Nobody has a privileged position before God. We are all beggars. You’ll never heal from your own hurts, until you surrender the moral high ground, and confess your own brokenness and need for understanding and healing.

Newbigin said our ascent of the staircase takes us both further away from each other and further away from God… “further away from the place where he actually meets us.” He wrote, “Our meeting, therefore, with those of other faiths takes place at the bottom of the stairway, not at the top. … There has to be a kenosis, a ‘self-emptying’.”

Perhaps the most difficult part of Christian community is humility. You have to walk down your staircase and enter into the presence of Christ as equals. It’s not as though I have some secret knowledge with which to enlighten you. I don’t have any answers right now. I’m confused and extremely disappointed in our society—both parties. But, when we both walk down our staircase and expose ourselves to God & each other & we are all called into question before Christ. Unless we are all receptive to this conviction and correction and a greater awareness of another person’s point of view, we’ll only create more problems. Standing at the top of our ideological staircase lobbing hand grenades is a tired script.

Christ meets us at the bottom of the stairs. We stand on common ground, all of us called into question by the cross. That’s Christian community. It’s possible that after I come down my staircase & meet Jesus, I may never see my staircase the same way again. A bunch of stuff I thought was important won’t look so important anymore, because my version of Christianity, my vision of reality is always incomplete and flawed. My ideas about politics or social policy always need refining.

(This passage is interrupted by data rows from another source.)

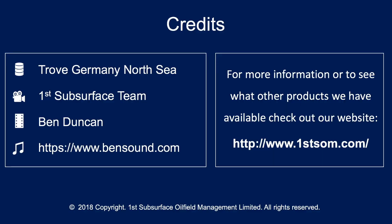And you guessed it — that's the diapir that Mittelplate is flanking against. This has been one of many interesting finds we've come across while building our Trove databases. Thanks for watching, we'll see you next time.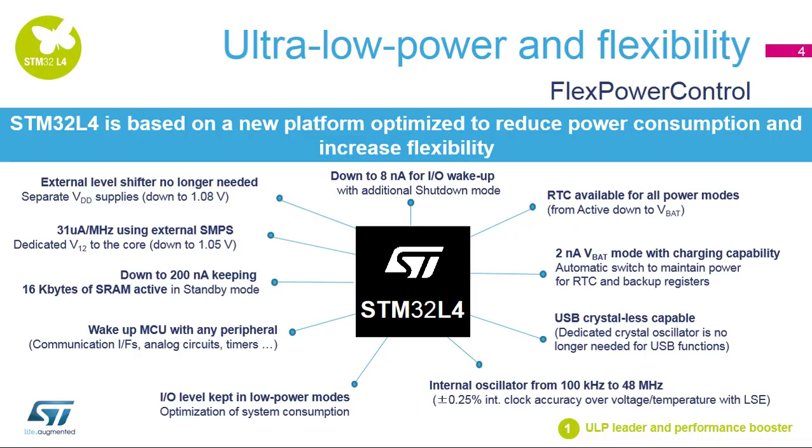An internal oscillator can be programmed from 100 kHz to 48 MHz with a very high accuracy, better than plus or minus 0.25%. All I/O levels can be kept in low power modes as well as during wake-up phases, optimizing system consumption. The flexibility of sources is increased. A standby mode, down to 200 nanoamps with partial RAM retention, is available.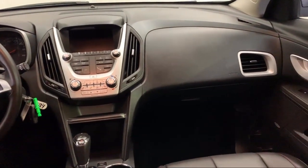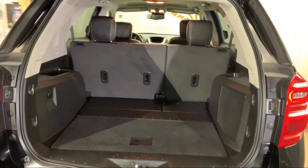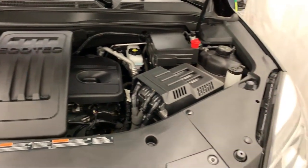Here at Advantage Chevrolet of Bolingbrook, we have been satisfying customers since 1999. We go above and beyond to make sure that you have the best possible shopping experience. We even offer pickups from O'Hare and Midway airports for our customers.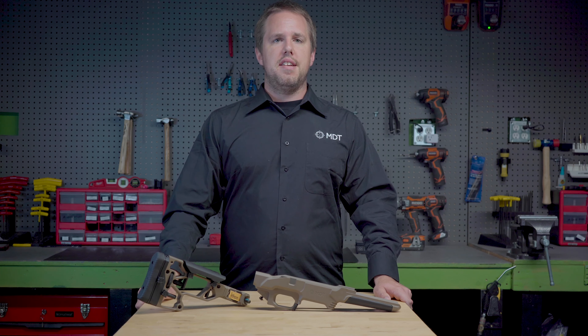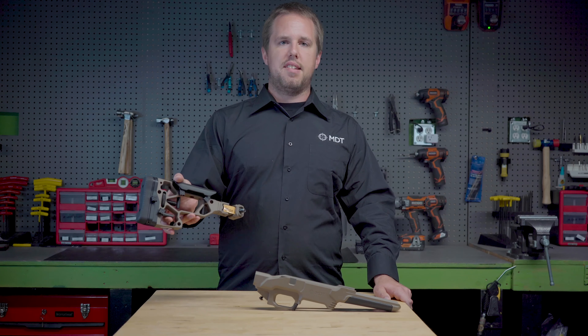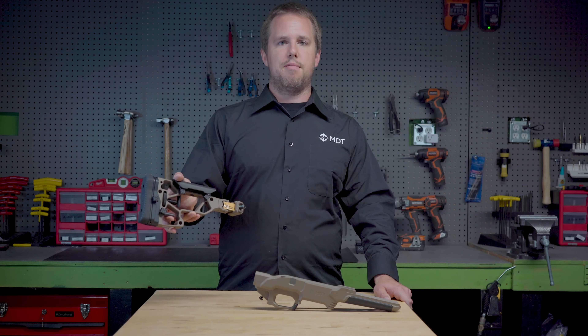Our ACC and ESS chassis use our XTN interface, and when they are purchased, you have the option of picking up our SRS-XF folding buttstock. This is available under our Customize page on both chassis systems. Thanks for watching!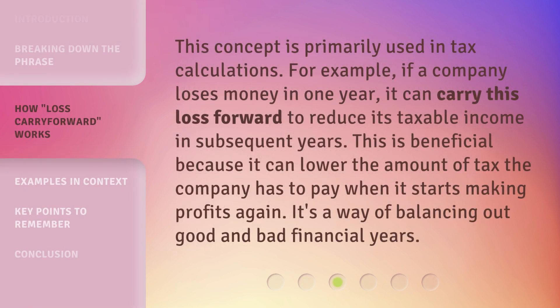This concept is primarily used in tax calculations. For example, if a company loses money in one year, it can carry this loss forward to reduce its taxable income in subsequent years. This is beneficial because it can lower the amount of tax the company has to pay when it starts making profits again. It's a way of balancing out good and bad financial years.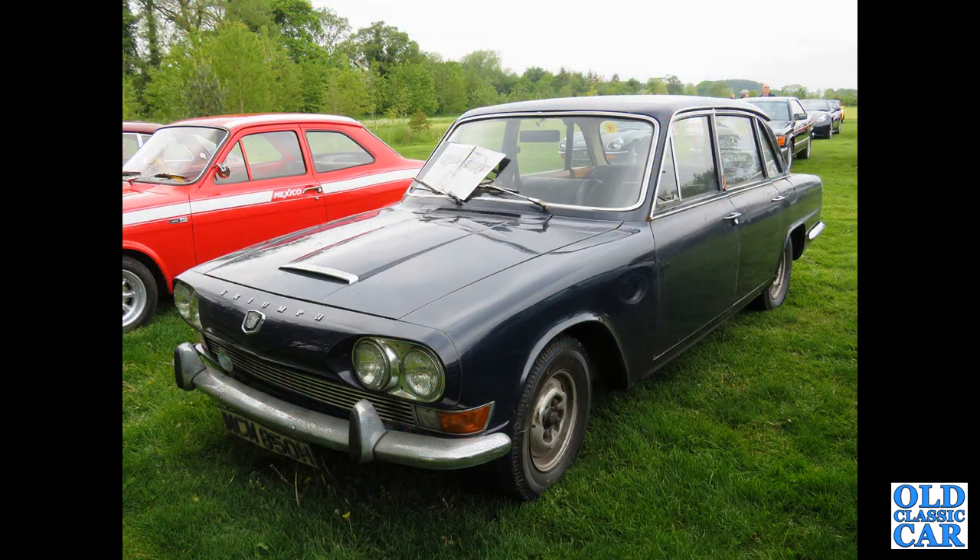A very original-looking Triumph 2000 Mark I here — an R-reg car from about 1969 or early 1970.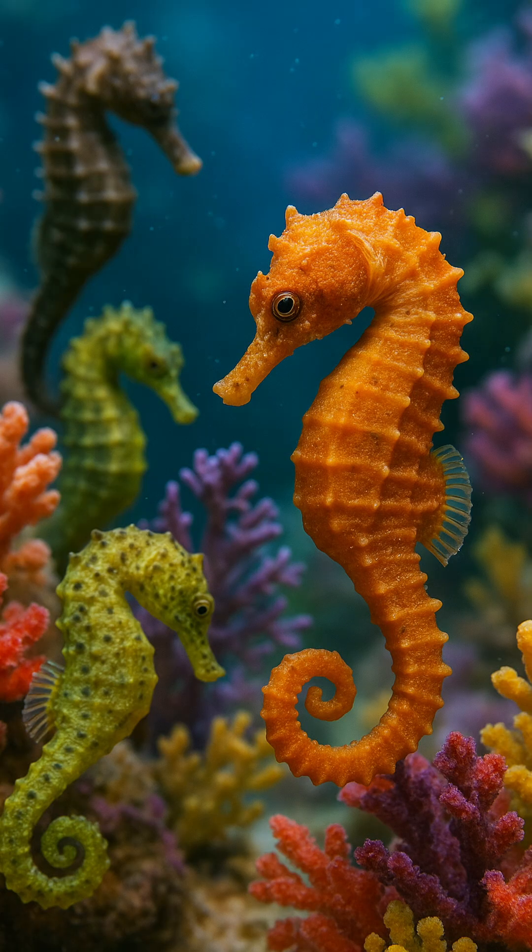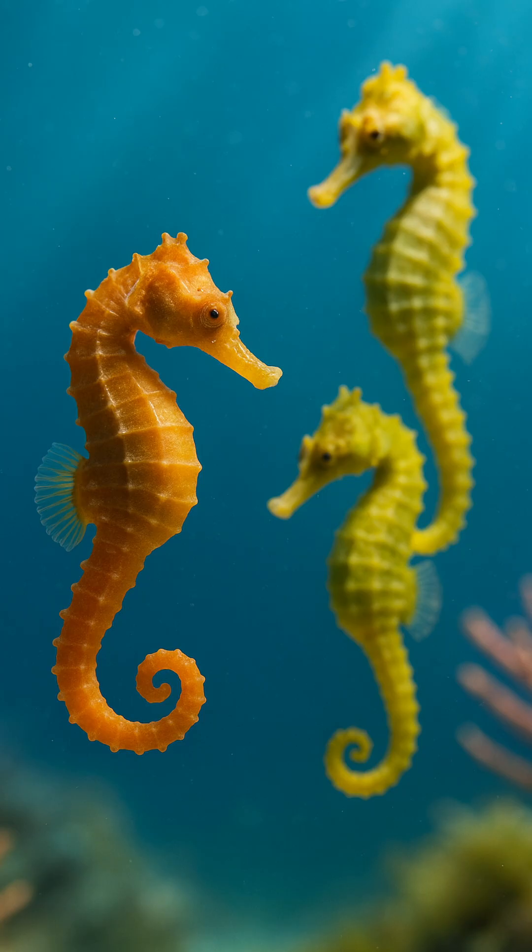Three: chameleon eyes — each eye moves independently. Four: bony armor — no scales, their bodies are armored. Five: worst swimmers ever — they are officially the slowest fish in the ocean.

I have to find a way to accept people who have experienced what Walter Brueggemann called “an alternative obedience” … a different lived-experience from mine, in regard to matters of faith and obedience.

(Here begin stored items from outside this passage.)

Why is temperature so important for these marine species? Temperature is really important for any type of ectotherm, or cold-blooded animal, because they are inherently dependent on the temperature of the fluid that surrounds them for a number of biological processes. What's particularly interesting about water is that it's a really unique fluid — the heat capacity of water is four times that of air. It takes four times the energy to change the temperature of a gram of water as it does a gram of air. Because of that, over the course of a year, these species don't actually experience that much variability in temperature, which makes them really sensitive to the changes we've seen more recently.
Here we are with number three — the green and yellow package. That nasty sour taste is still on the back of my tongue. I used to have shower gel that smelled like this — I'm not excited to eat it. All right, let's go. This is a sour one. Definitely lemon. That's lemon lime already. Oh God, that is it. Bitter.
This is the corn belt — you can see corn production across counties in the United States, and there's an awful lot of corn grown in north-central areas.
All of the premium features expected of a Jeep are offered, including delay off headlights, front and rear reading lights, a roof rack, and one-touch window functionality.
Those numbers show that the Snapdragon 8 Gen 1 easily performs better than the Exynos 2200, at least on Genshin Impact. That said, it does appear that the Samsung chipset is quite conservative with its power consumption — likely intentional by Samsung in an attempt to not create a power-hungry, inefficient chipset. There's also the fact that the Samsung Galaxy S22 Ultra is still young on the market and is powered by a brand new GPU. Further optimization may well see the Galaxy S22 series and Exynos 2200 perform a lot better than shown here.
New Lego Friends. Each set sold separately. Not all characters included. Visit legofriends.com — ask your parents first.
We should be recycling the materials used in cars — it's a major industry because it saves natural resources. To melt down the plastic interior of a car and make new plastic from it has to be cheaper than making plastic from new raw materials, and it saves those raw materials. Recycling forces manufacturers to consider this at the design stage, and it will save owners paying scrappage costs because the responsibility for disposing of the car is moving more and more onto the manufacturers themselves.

We ended with a prayer exercise. We all came to the front of the church and stood in a circle. It was a tight squeeze, so most of us were nearly touching shoulders. I handed out copies of The Prayer of St. Francis, and we went around the circle each person reading one line of the prayer. When one person ended the prayer, the next person began it again. Around and around we went. We must have read it more than a dozen times together. At first people were nervous, a few people used their best TV host voice. But after awhile the words began to sink in. Every once in awhile, when it was their turn to read, people would have to gather themselves. Arms started to go around shoulders. I could sense the emotion, and hear the sniffles and see the tears. It was a beautiful moment.

“Lord, make me an instrument of Your peace.” … your peace. Where there is injury, let me sow pardon. Where there is discord, let me so harmony. Where there is doubt and despair, let me sow faith and hope. I do not know if this is possible for a culture so bitterly divided. But I am certain we have to find a way to do this as the church. Our legitimacy, our very being depends upon it.

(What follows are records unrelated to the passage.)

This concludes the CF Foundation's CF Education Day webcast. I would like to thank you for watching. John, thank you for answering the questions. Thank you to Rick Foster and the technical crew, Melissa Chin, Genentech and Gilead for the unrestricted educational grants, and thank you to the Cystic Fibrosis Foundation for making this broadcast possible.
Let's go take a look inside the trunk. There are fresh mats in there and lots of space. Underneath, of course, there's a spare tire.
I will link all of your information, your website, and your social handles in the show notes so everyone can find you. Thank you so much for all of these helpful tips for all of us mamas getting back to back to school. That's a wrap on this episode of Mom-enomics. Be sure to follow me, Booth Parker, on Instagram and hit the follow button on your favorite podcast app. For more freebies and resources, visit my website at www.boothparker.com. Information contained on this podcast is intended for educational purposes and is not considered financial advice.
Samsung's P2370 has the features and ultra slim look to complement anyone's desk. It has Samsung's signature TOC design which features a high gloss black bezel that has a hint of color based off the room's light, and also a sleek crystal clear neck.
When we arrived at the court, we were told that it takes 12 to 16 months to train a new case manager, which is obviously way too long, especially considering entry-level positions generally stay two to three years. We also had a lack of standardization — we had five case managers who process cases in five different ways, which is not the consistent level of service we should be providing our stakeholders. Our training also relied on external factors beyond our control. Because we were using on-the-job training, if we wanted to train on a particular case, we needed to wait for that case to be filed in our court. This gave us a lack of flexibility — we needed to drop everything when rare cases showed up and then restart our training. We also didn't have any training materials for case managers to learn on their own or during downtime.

Lord, make me an instrument of Your peace.
Where there is hatred, let me sow love;
Where there is injury, pardon;
Where there is discord, harmony;
Where there is error, truth;
Where there is doubt, faith;
Where there is despair, hope;
Where there is darkness, light;
And where there is sadness, joy.
O Divine Master,
Grant that I may not so much seek to be consoled as to console;
to be understood as to understand;
to be loved as to love.
For it is in giving that we receive;
It is in pardoning that we are pardoned;
And it is in dying that we are born to eternal life.